I listened to the clock.

Tick.

Tock.

Tick.

Tock.

Fuck that thing. It was ancient; my mother had inherited it from her long-lost-something-or-other and she put it in the living room so that none of our relatives would feel bad and we could still pretend that "he's still with us, truly, through this clock."

The only thing it told me that even vaguely related to my relative was that I was getting closer to death every passing second, soon to being with him in collective nothingness. Maybe we'd pass each other, just float past one another, like I imagined that one time I was thinking about Noelle. Maybe we'd just float past each other and we wouldn't even know that we were related.

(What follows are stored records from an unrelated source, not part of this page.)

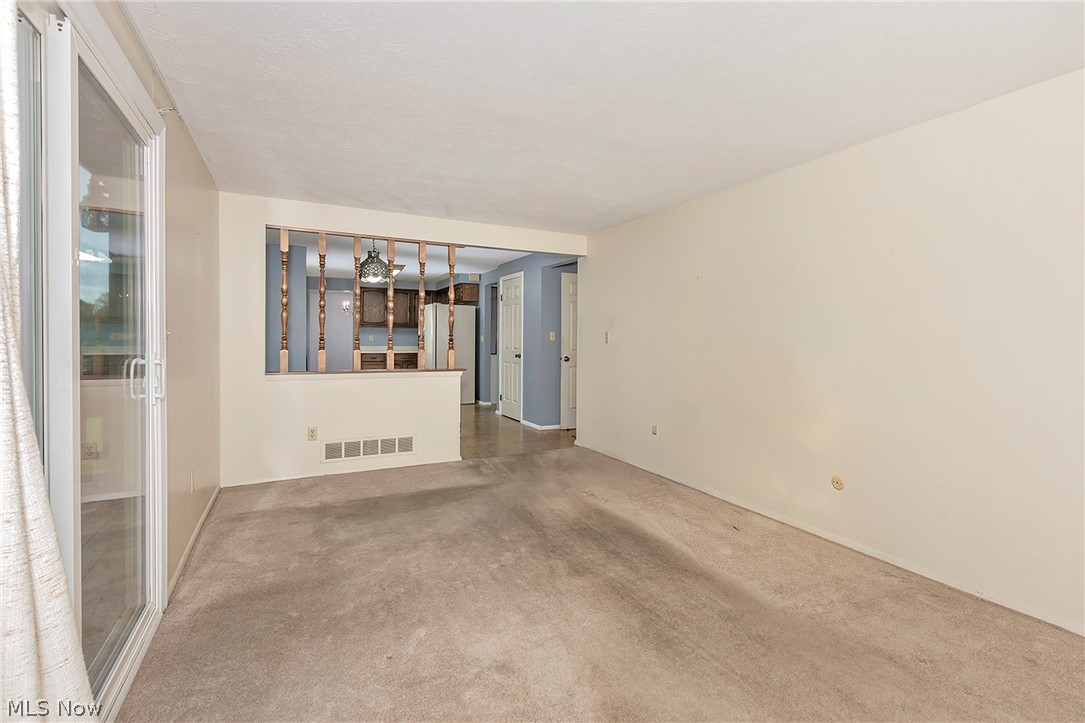 2679 Middleton Road Hudson OH 44236
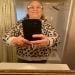 Retire27 is Single in belle vernon, Pennsylvania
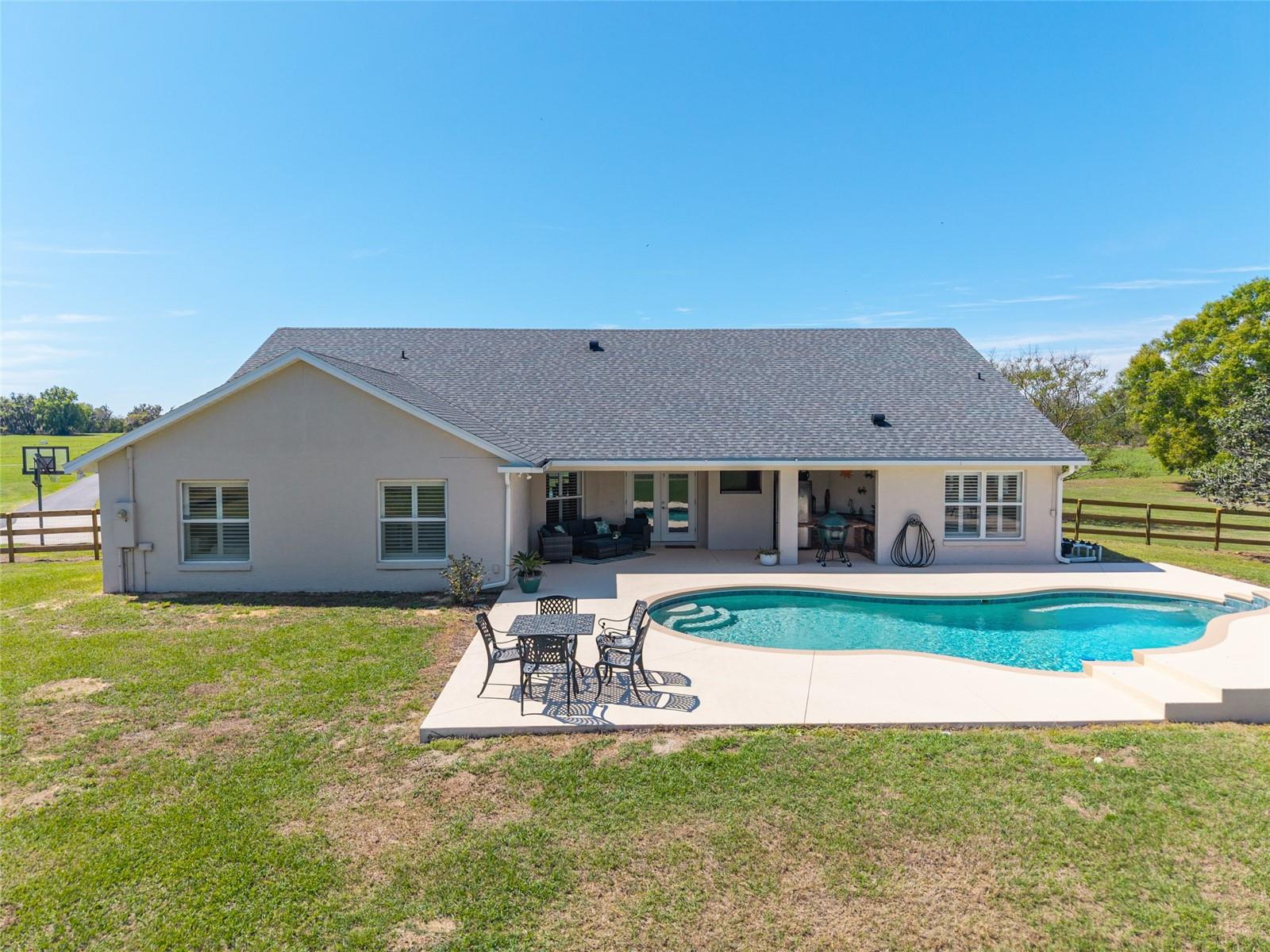 Image 81 of 90 For 12975 Us-301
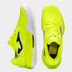 Joma Ace Men
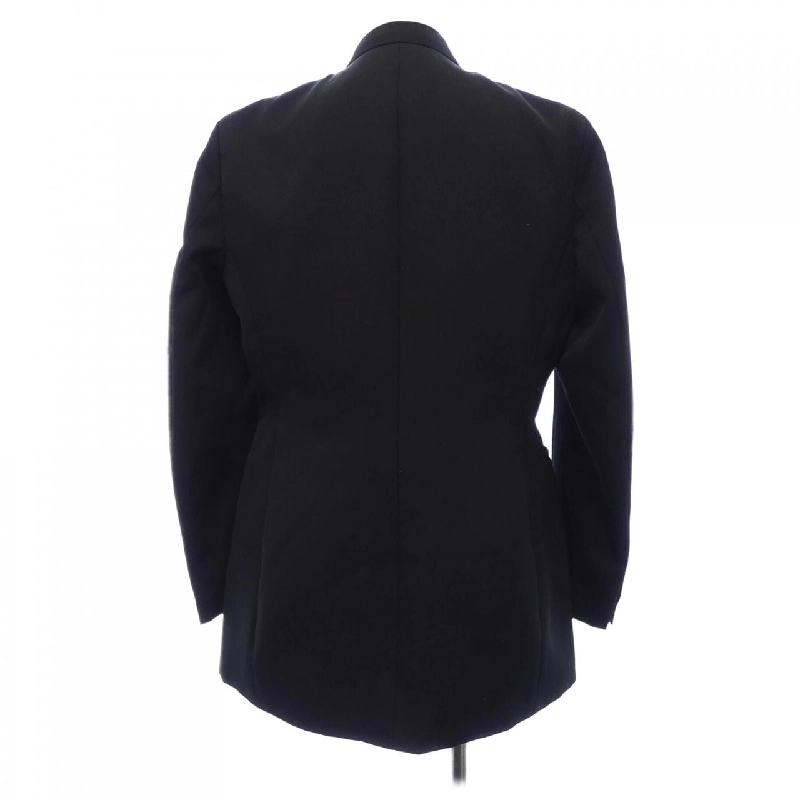 【Mã giảm giá】Jil Sander Áo khoác 642026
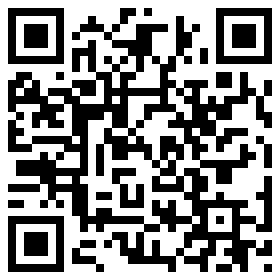 qrcode für HP CF280XC Black Toner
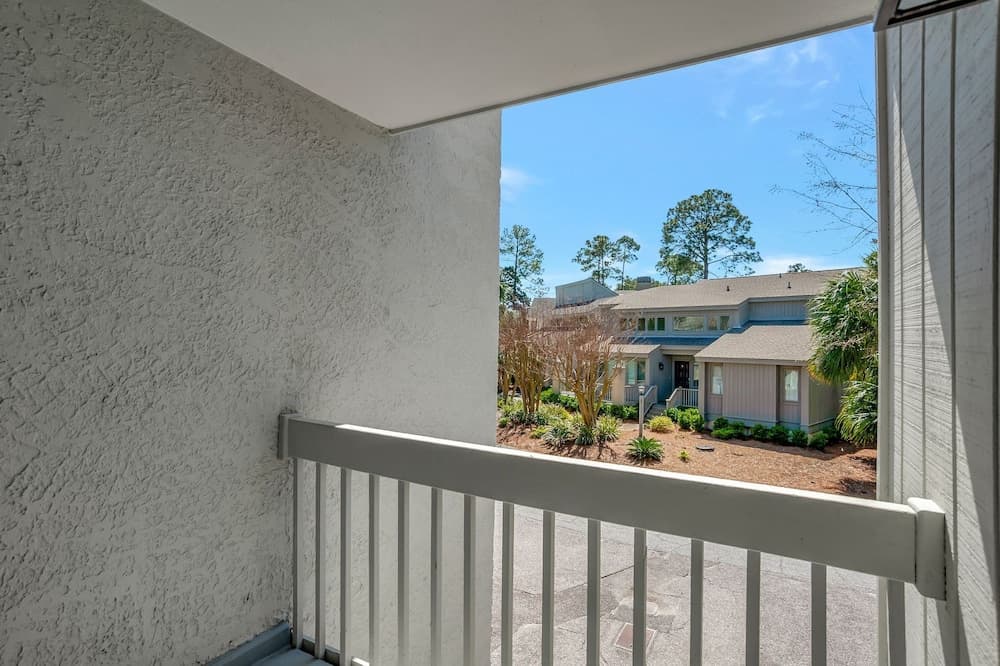 Harbour Town Club Villa #1266 - Image 15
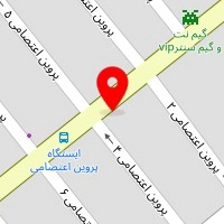 الکترو سیم پیچی راد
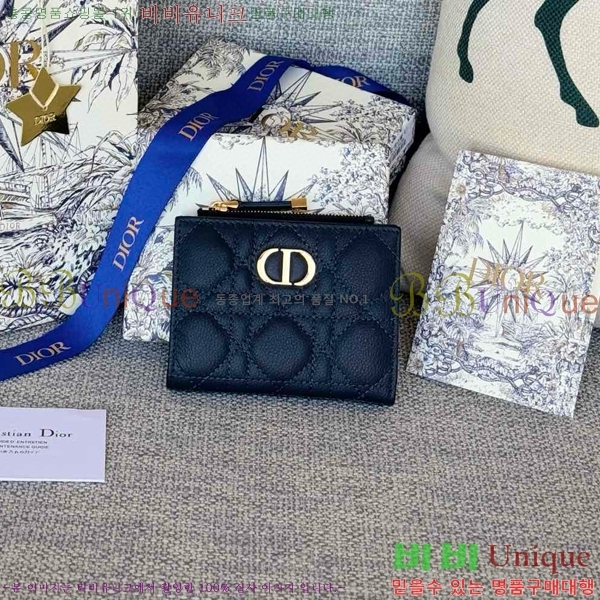 #��� ī�� �޸��� ���� S5173-107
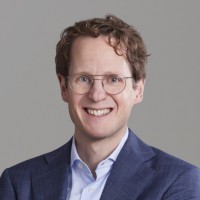 Roel Hakvoort Email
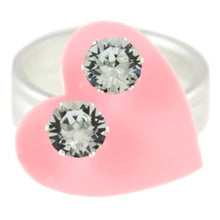 Load image into Gallery viewer, Ice Mini Bling - JoJoLovesYou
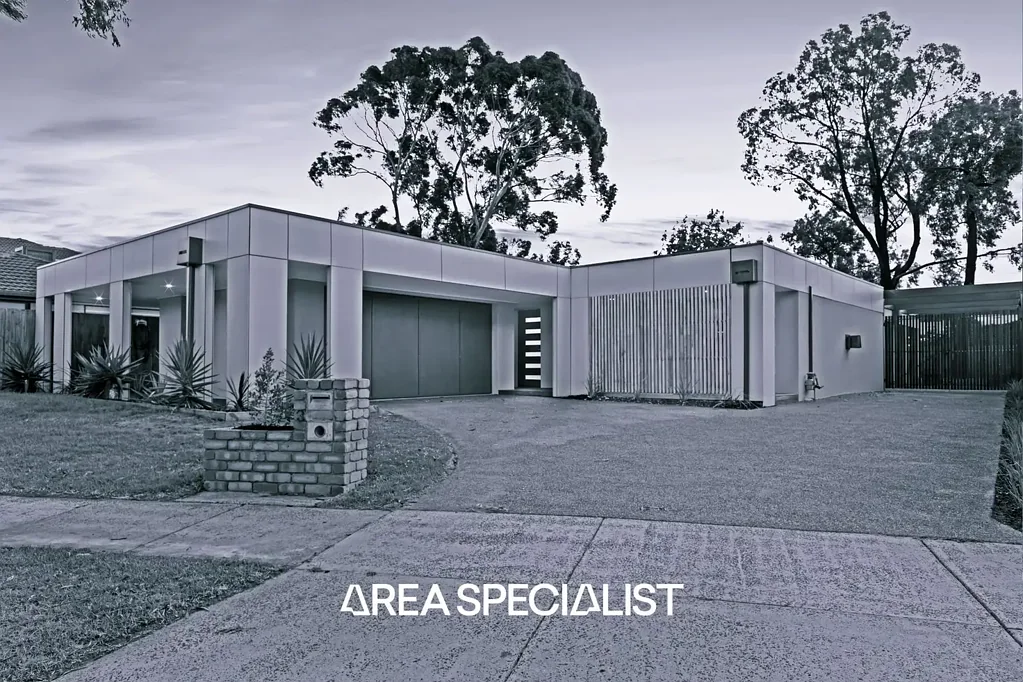 3 Homewood Close, Ferntree Gully, VIC 3156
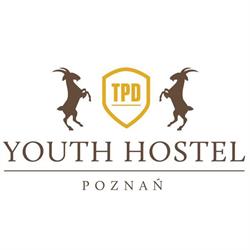 Szkolne Schronisko Młodzieżowe T.p.d., Poznań godziny otwarcia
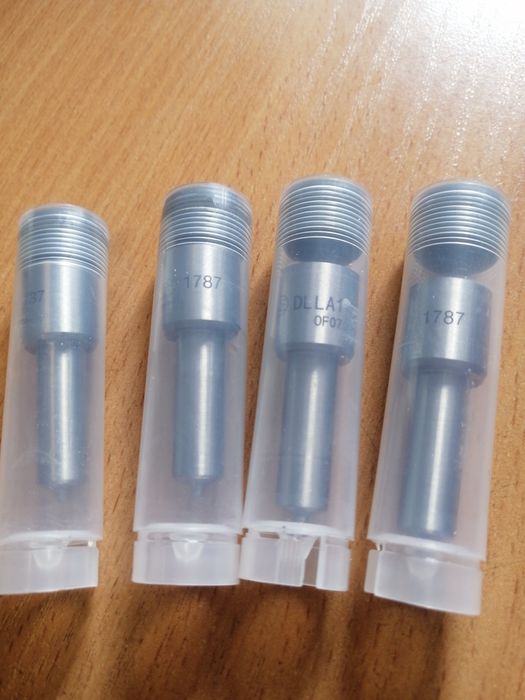 DLLA149P1787 распылитель дизельный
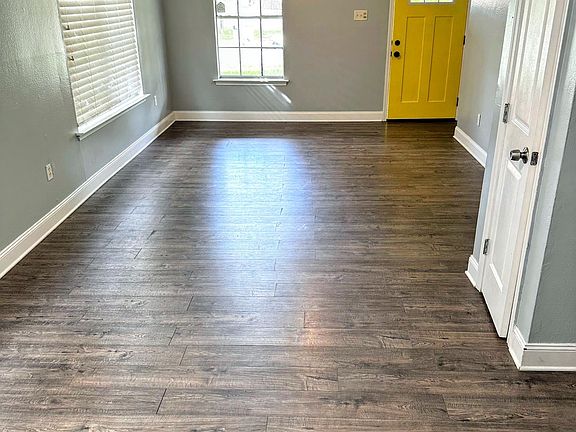 5th image of 5760 Tullis Dr #A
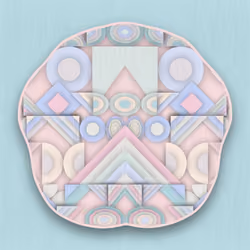Generativemasks #6167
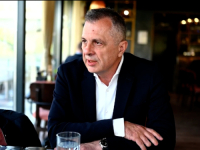 NAKON TRI GODINE 'TIHOVANJA' - POVRATAK OTPISANOG: Dodik ga je isključio iz stranke, a sada bi mu on mogao... (VIDEO)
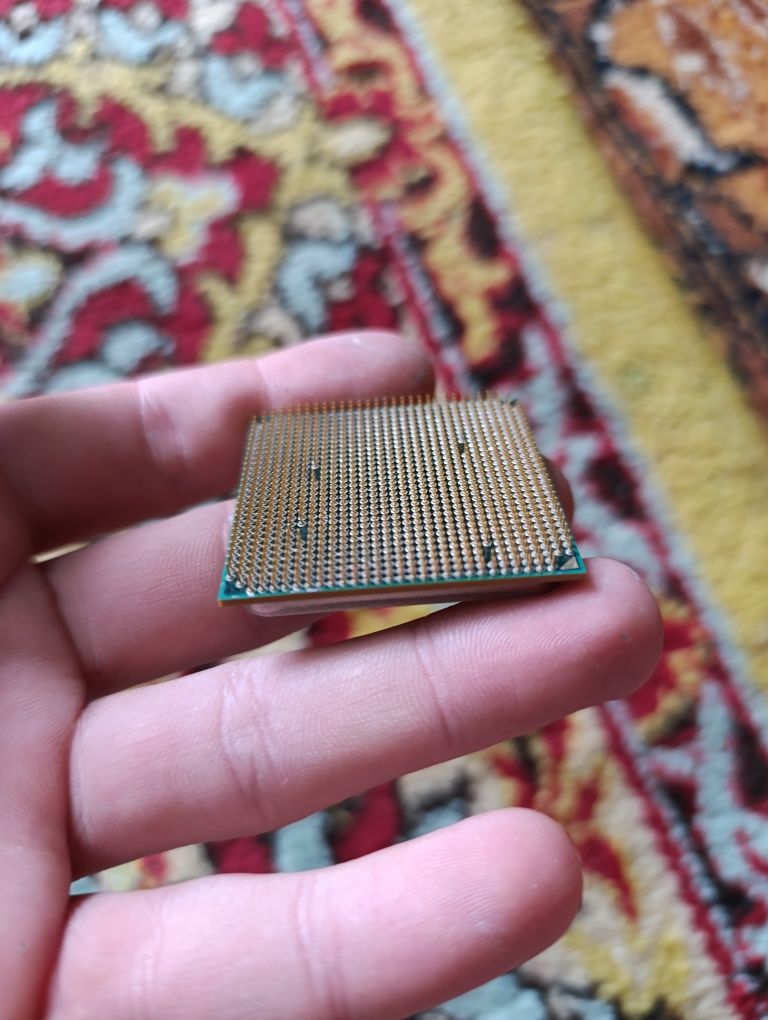 Комплект АМ3+ на FX-8370, DDR3 32GB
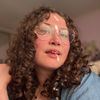 kaylaannlotsabooks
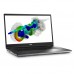 Laptop Second Hand DELL Precision 7770, Intel Core i7-12850HX 3.40 - 4.80GHz, 64GB DDR5, 1TB SSD, RTX A4500 16GB, 17.3" FHD, Webcam + Windows 11 Pro Laptop Second Hand DELL Precision 7770, Intel Core i7-12850HX 3.40 - 4.80GHz, 64GB DDR5, 1TB SSD, RTX A4500 16GB, 17.3" FHD, Webcam + Windows 11 Pro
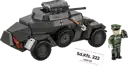 COBI 2657 foto 2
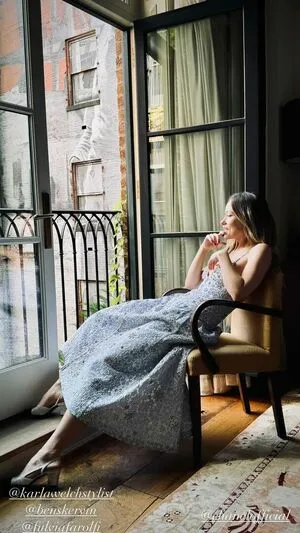 Olivia Wilde OnlyFans Leaked Free Thumbnail Picture - #Ae5wfEcTMB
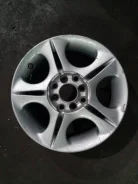 ABT. 6.0x14", 4x100, 4x114.3, ET38, �� 60���. ����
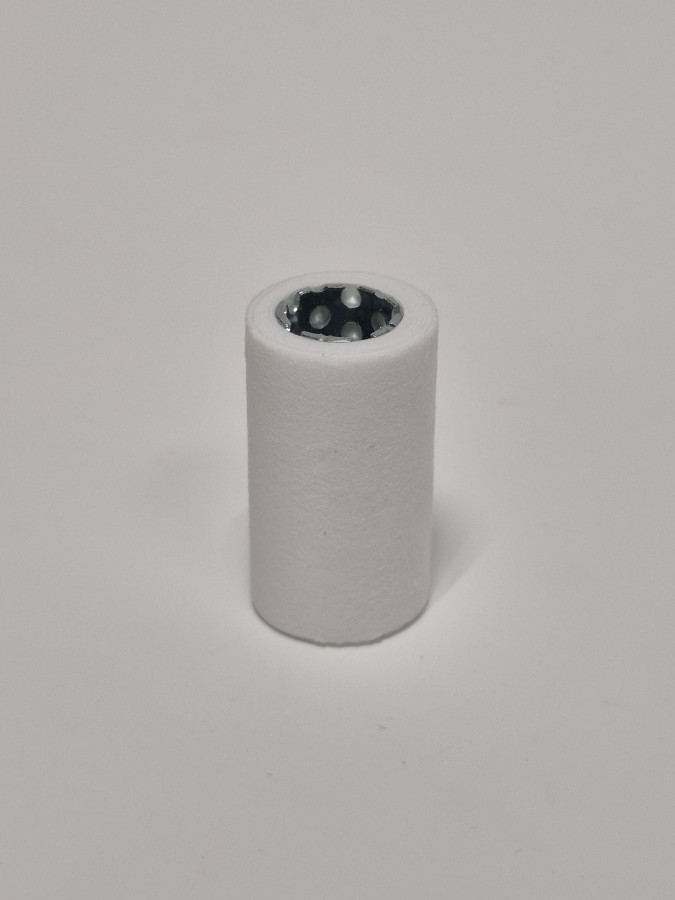 Фильтр газовый элемент BS1120-001,105M006 OPTIMA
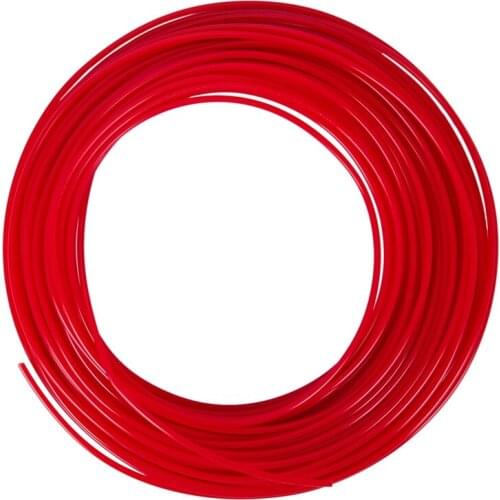 PLA пластик для 3D принтера Makerbase China At AliExpress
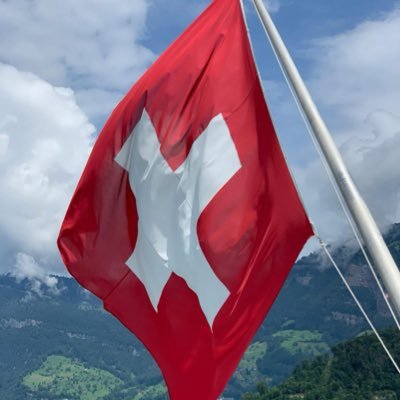 schweiz45270039's profile picture. مهتم بالطبيعة في سويسرا ❤️🇨🇭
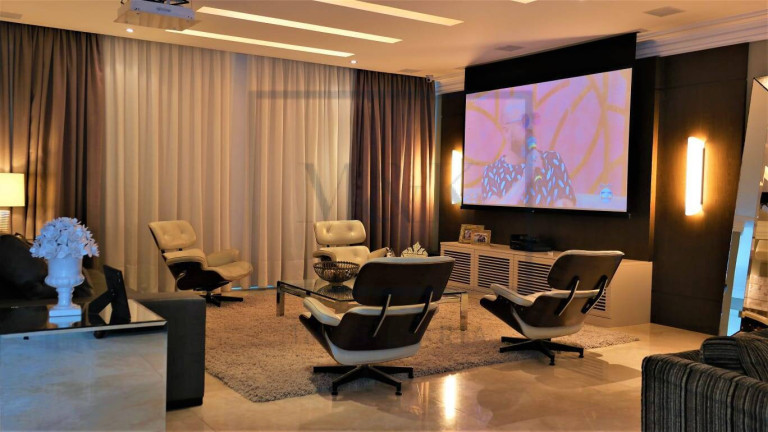 Imagem Casa com 5 Quartos à Venda, 1.000 m² em Barra Da Tijuca - Rio De Janeiro Imagem Casa com 5 Quartos à Venda, 1.000 m² em Barra Da Tijuca - Rio De Janeiro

I looked out the window. It was raining again. I thought that maybe Noelle had brought it down with her, that her honesty and burst of bravery had busted open the clouds themselves and made water pour down on the both of us because God damn it, we needed a bath.

I glanced at my phone and thought of what to text her.

"Hey, by the way, I'm desperately in love with you and want to hold you in my arms and tell you how much I love you.

Don't off yourself, please. I don't want to have to fuck your corpse."

"When's the next meeting?

Oh, by the way, I want to stick my lips on yours and run my hands down your body."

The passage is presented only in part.